DATA BELOW -
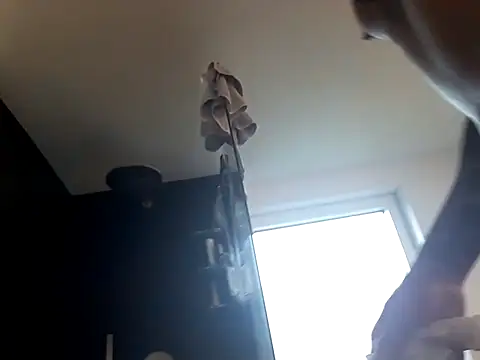 Prinzalbert7xh online show from October 27, 2025, 12:28 pm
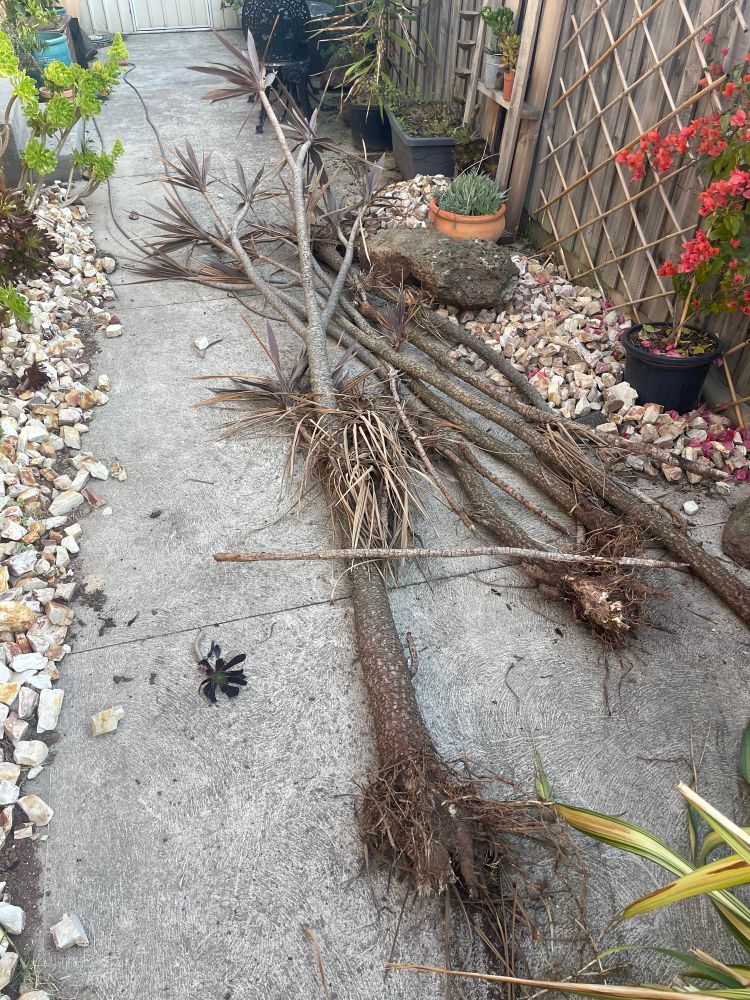 Yucca lies defeated on concrete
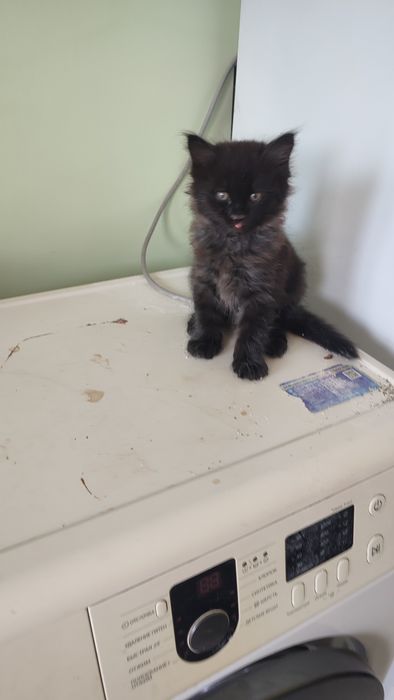 Котенок мальчик,  черный, пушистый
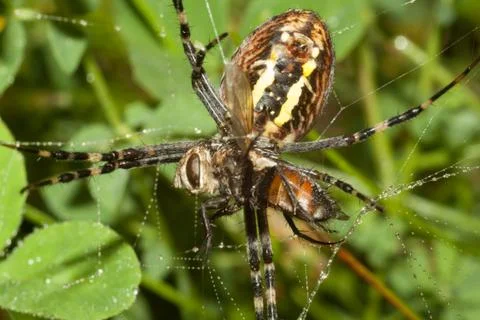 Spider Argopa brunnicha eats its prey - the fly. Stock Photos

WORK INSTRUCTION - Apart from the images, reproduce the listing exactly as it appears.

ANSWER TO THE EXERCISE -
 Prinzalbert7xh online show from October 27, 2025, 12:28 pm
 Yucca lies defeated on concrete
 Котенок мальчик,  черный, пушистый
 Spider Argopa brunnicha eats its prey - the fly. Stock Photos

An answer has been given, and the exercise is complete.